6. A method to increase cardiac blood flow rate in a creature under myocardial ischemia, the method comprises the steps of;

(1) preparing modified adenovirus vector by incorporating growth factor gene fused with secretory signal sequence into an adenovirus vector,

(2) obtaining non-hematocytes from the creature under myocardial ischemia, and culturing said non-hematocytes ex-vivo,

(3) infecting cultured said non-hematocytes with said modified adenovirus vector to prepare non-hematocytes having growth factor secretory ability, by introducing said modified adnovirus vector into said non-hematocytes; and

(4) administrating said non-hematocytes having growth factor secretory ability via blood vessel of said creature, thereby said growth factor is secreted in body of said creature.

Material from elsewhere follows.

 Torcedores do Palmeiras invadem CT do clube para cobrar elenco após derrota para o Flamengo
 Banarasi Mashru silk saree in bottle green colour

7. Non-hematocytes having growth factor secretory ability, the non-hematocytes produced by the steps of;

(1) preparing modified adenovirus vector by incorporating growth factor gene fused with secretory signal sequence into an adenovirus vector,

(2) obtaining non-hematocytes from a creature, and culturing said non-hematocytes ex-vivo; and

(3) infecting cultured said non-hematocytes with said modified adenovirus vector to prepare non-hematocytes having growth factor secretory ability, by introducing said modified adnovirus vector into said non-hematocytes.

(3) infecting cultured said non-hematocytes with said modified adenovirus vector to prepare non-hematocytes having growth factor secretory ability by introducing said modified adnovirus vector into said non-hematocytes.

8. Non-hematocytes having growth factor secretory ability, wherein a gene encoding growth factor is introduced into said non-hematocytes using adenovirus vector.